Ruff Ryders’ Anthem – How we became badass bikers in 10 days in Vietnam
In Vietnam, tour guides with fat Harleys keep asking tourists “You want Easy Rider?”. Fuck Easy Rider. An ode to the dirty feeling of the Ruff Ryders. For attunement to the following text please enjoy this epic meditation on masculinity by the grand American master of sentimentalism, DMX:
I could never understand bikers. I’ve always regarded it an expensive, dangerous, pseudo-masculine nonsense. Indeed: It is expensive. In Vietnam not as much as elsewhere, but still. It is dangerous. In Vietnam even much more than anywhere else. But if you are not just an old rich man on the backseat of a Harley, if you toil your Minsk through all of Vietnam on your own, it is not pseudo. It’s manly. It’s tough. It’s fast. It’s dirty. It’s frustrating. It’s wicked. And nonsense.
When we bought our two Minsks in Nha Trang I had romantic delusions a la Zen and the Art of Motorcycle Maintenance. Sure, the bikes were old and faulty, but we had the maintenaince manual, everything repaired we could find in our naivety and the idea that we could take apart the faulty parts of such a simple machine bit by bit, then perfect them and put them together again. Until the bikes would be as new.

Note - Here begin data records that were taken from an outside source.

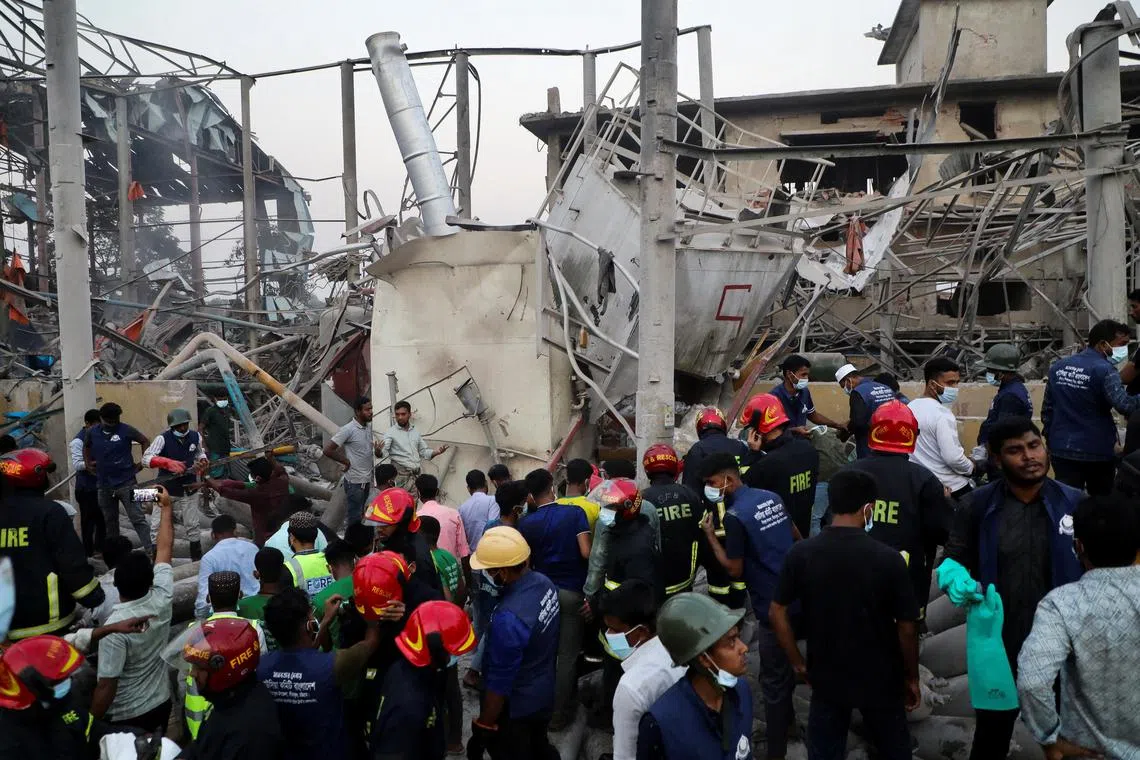 Firefighters and rescue workers gather at an oxygen plant that exploded on the outskirts of Chittagong, Bangladesh, on March 4, 2023. 
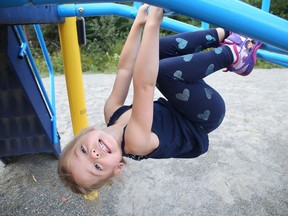 Three-year-old Serenity Lefrancois plays on the structure at Jeanne d'Arc playground in Dominion Park. (Gino Donato/Sudbury Star file photo)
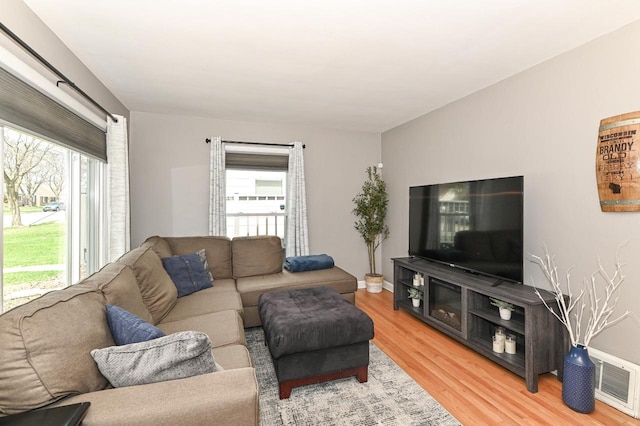 living area with visible vents and light wood-style flooring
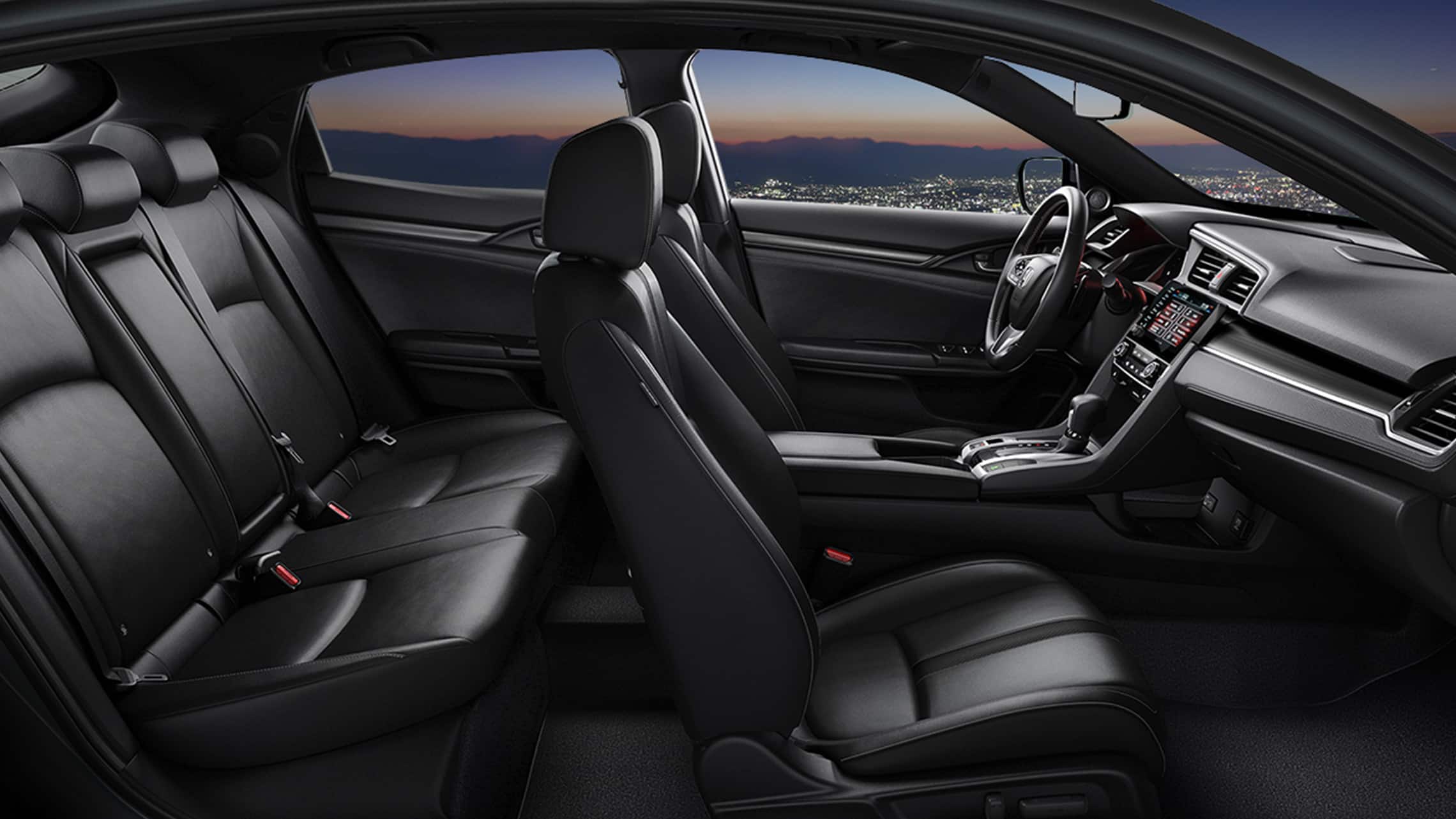 Passenger-side interior profile view of the 2021 Honda Civic Sport Touring Hatchback with Black Leather.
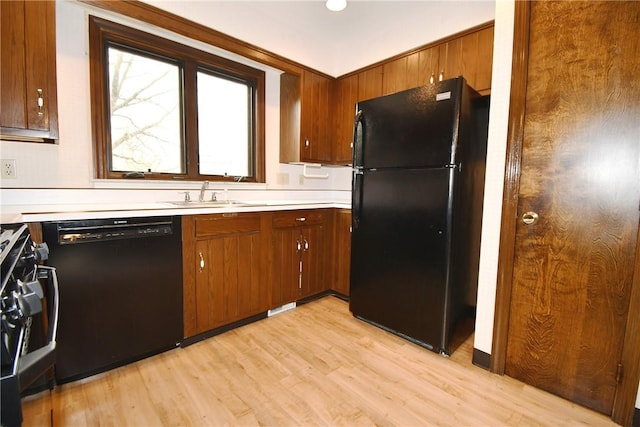 kitchen featuring light wood-type flooring, light countertops, black appliances, brown cabinets, and a sink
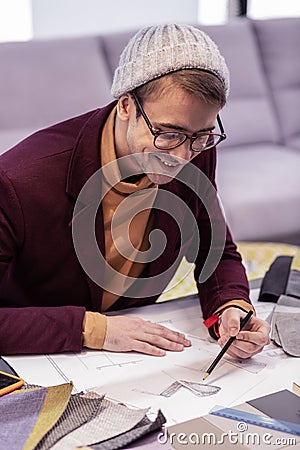 Beaming mature male creator making drawings siting at the table Stock Photo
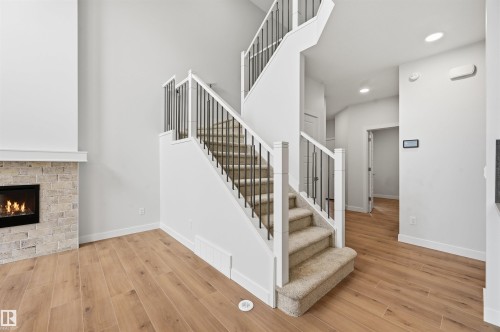 3048 Dixon Landing Landing, Edmonton, AB - Indoor Photo Showing Other Room With Fireplace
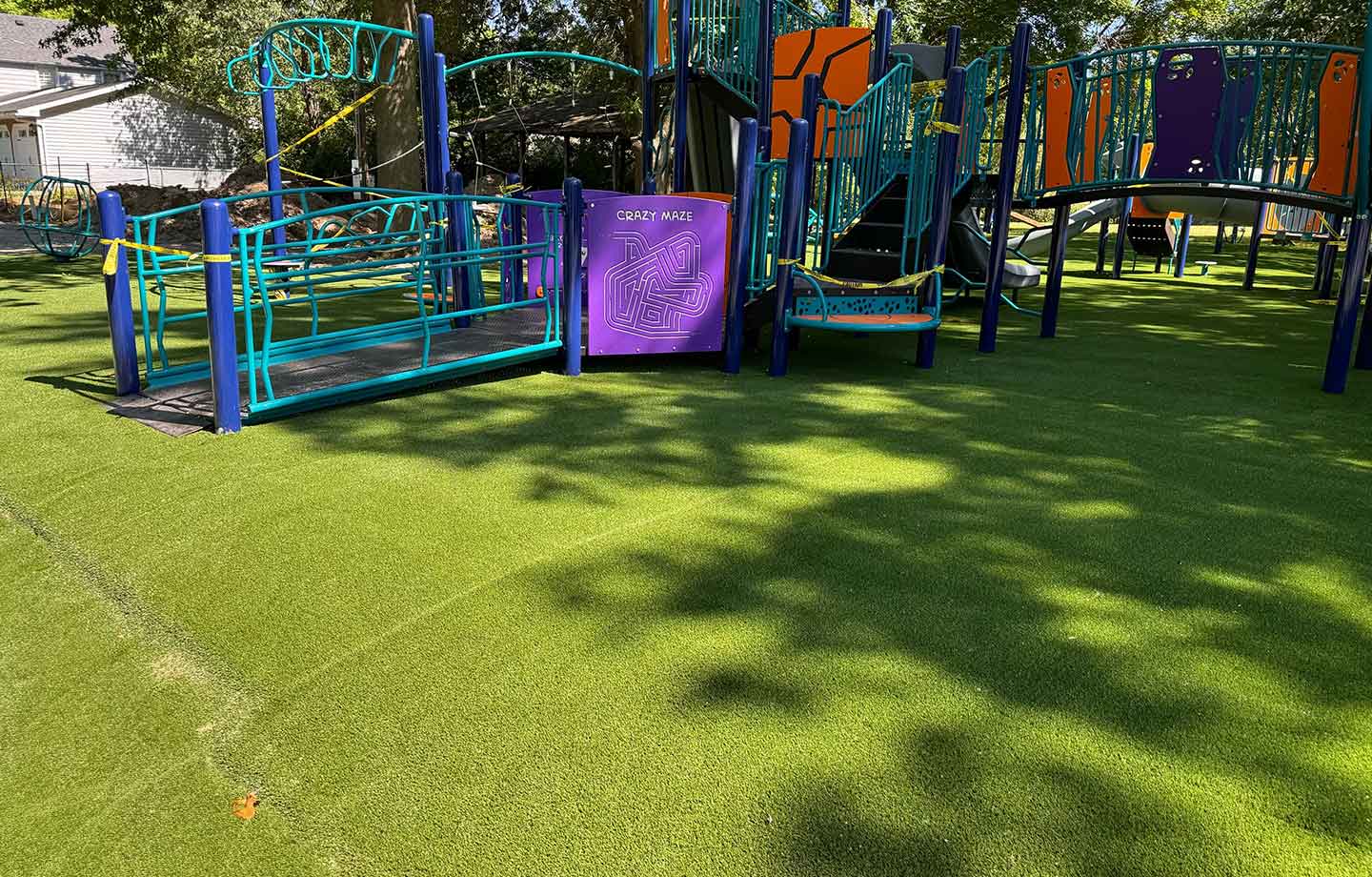 A playground with accessible equipment, including a ramp and maze panel, sits on artificial turf under the shade of trees.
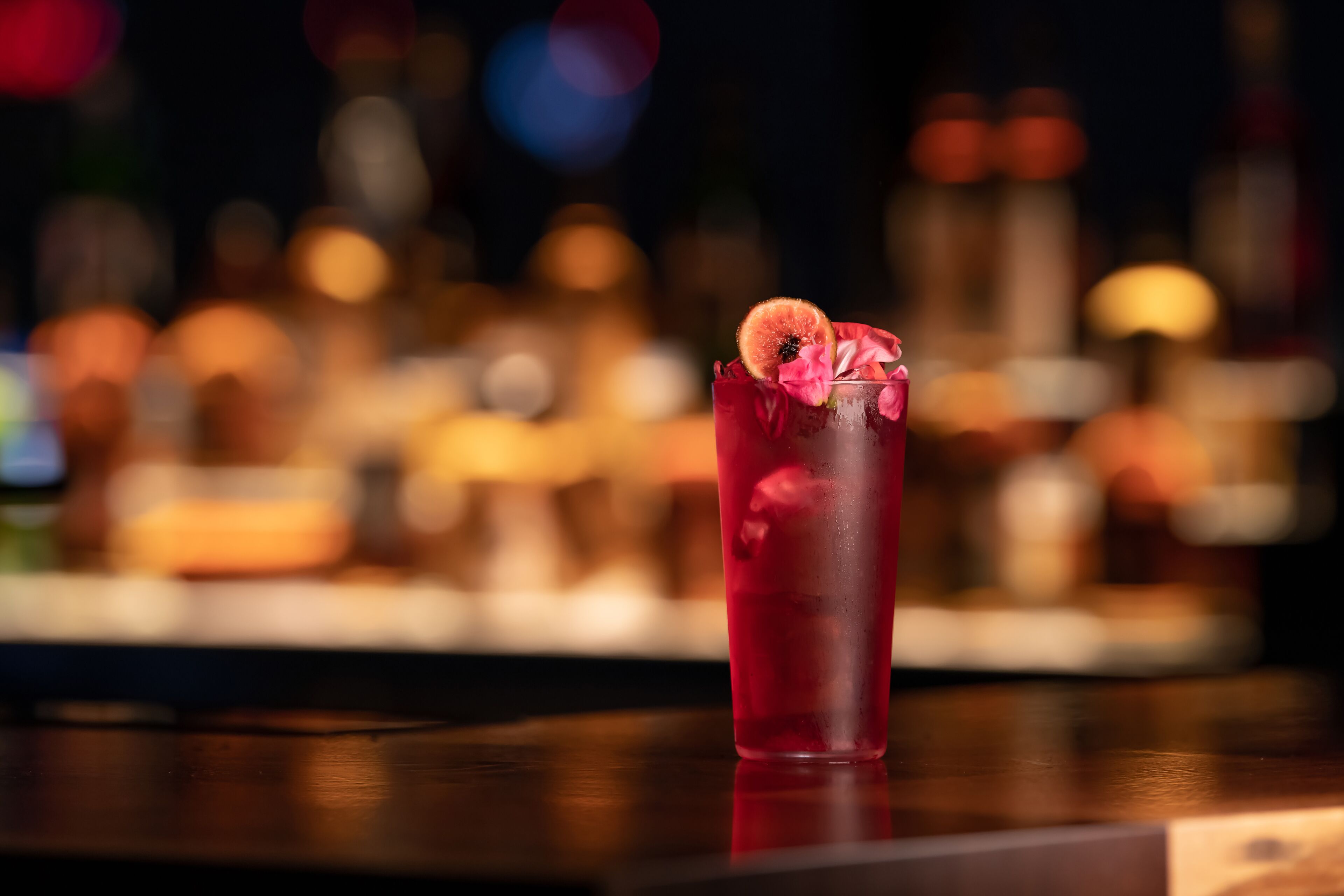 Eine Bar, in der ein Glas mit rotem Getränk, verziert mit einer Blume und einer Fruchtscheibe, steht.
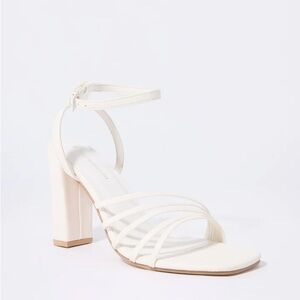 Strappy white wedge heels​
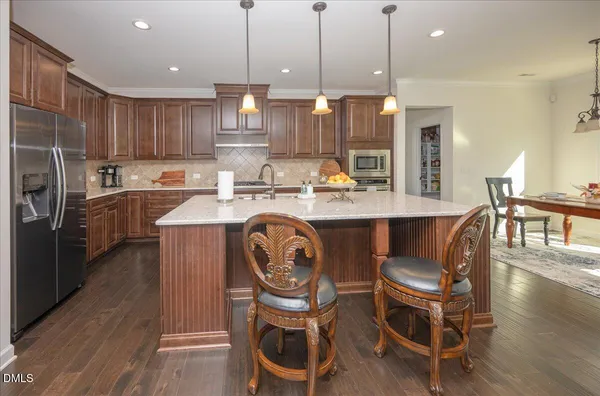 a large white kitchen with a large window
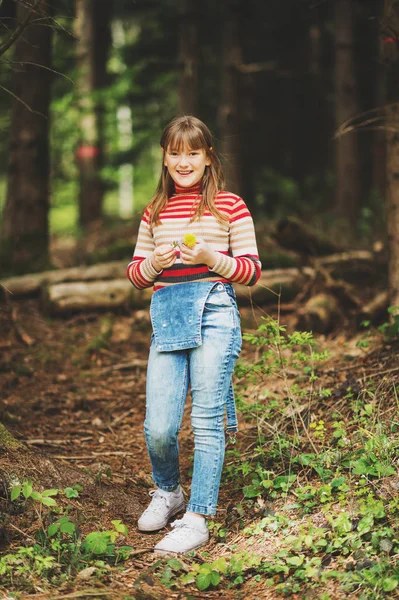 Linda niña disfrutando de bosque de primavera fresca, con overoles de mezclilla y jersey cálido — Foto de Stock
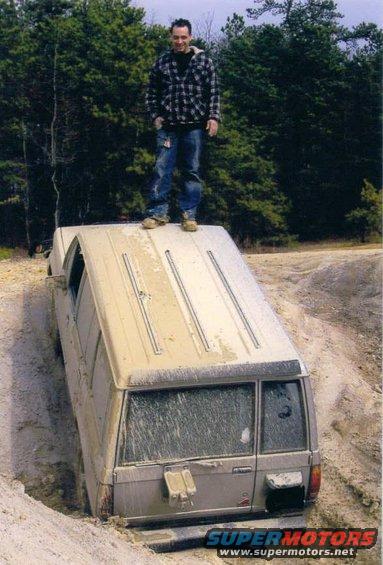 Tan 2005 Ford Excursion stuck in a ditch, rear view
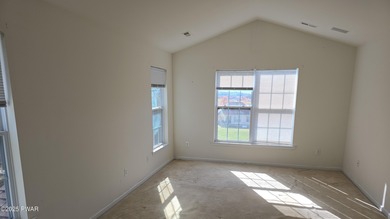 Located in the Country Club of the Poconos, 1712 Big Ridge Drive on Country Club of the Poconos Golf Course in Pennsylvania - for sale on GolfHomes.com, golf home, golf lot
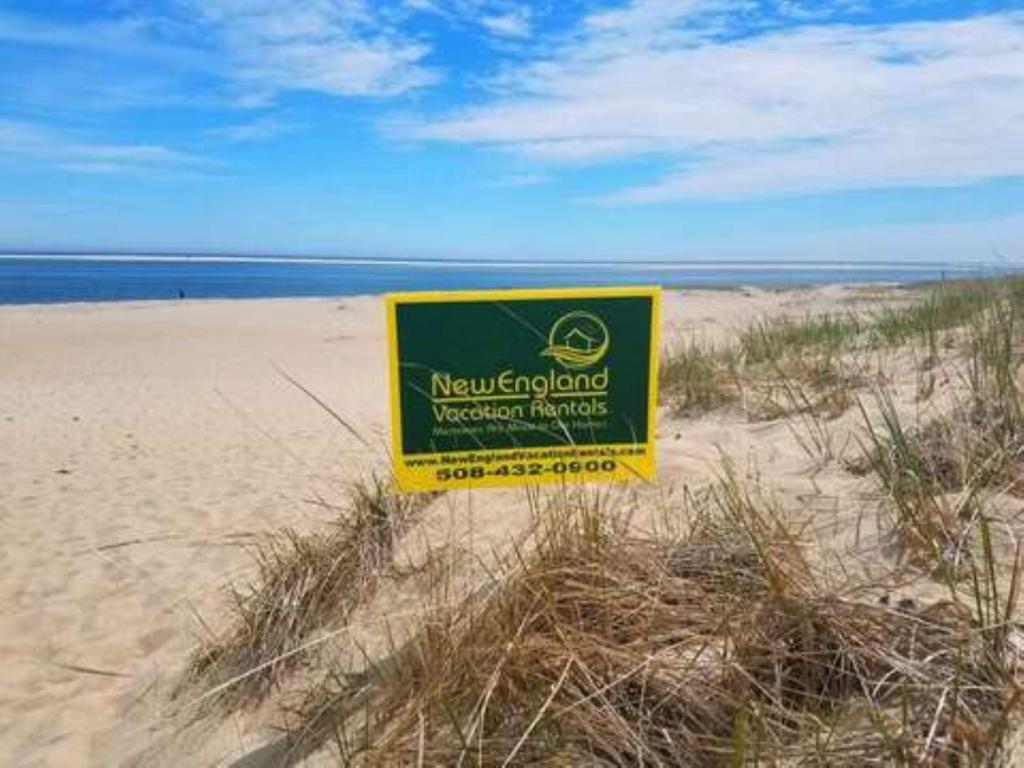 a yellow sign in the sand on a beach at 3 Shore Road Extension West Harwich Cape Cod - - A Shore Thing in West Harwich
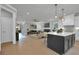 Bright open-concept living room with hardwood floors, fireplace and kitchen with island at 3785 Pilgrim Mill Rd, Cumming, GA 30041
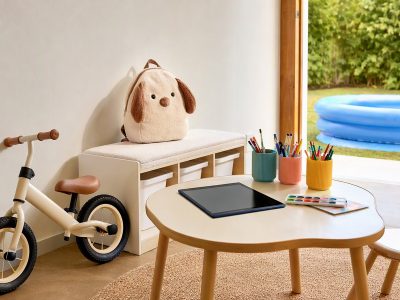 Cena com presentes para o Dia das Crianças: bicicleta de equilíbrio, mochila de pelúcia, tablet e potes de organização em sala; piscina inflável no quintal, sem pessoas.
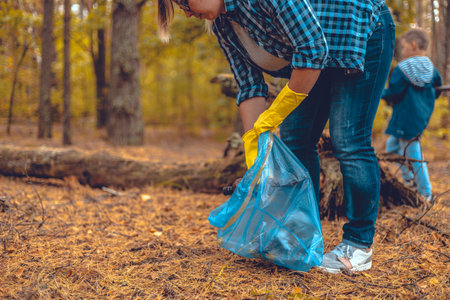 Mother and son eco activists collect garbage in the forest The family takes care of saving the...
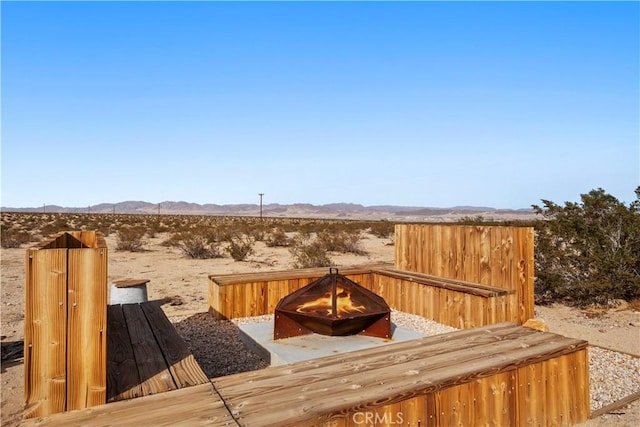 wooden deck with an outdoor fire pit, a desert view, and a mountain view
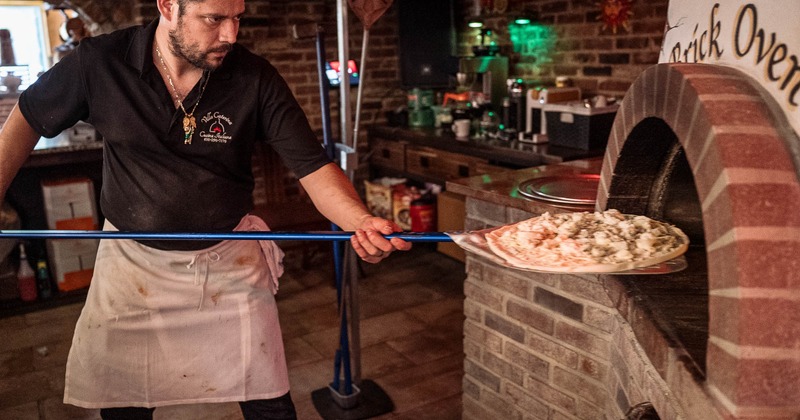 Chef placing a pizza in the oven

In reality the biker’s life with a Minsk in Vietnam is a nightmare. Though an arousing, adrenaline fueled nightmare. I have never in my life sworn as much as in the first days with our bikes. We could not ride 30 km without something breaking on us. All the time one of these things was breaking down. All of this in unbearable heat and deadly sun which scorches you in no time, even when everything is working well for once. Everytime we had just spent hundreds of thousands of Dong for a total renewal of such important things like a gearbox or clutch with the feeling everything is going to be all right now, we stood at the roadside again little later. The tricks of the mechanic had some unforeseen side effect, he simply didn’t do anything, or there was simply a new source of trouble. Eventually you give up on the belief that you could improve the state of the machine by maintenance. Thank Cod that there are not only beautiful landscapes in Vietnam, but more importantly there is a gara(ge) every 50m. Even if the competence of most of them does not go beyond changing sparkplugs and they all think you are stupid.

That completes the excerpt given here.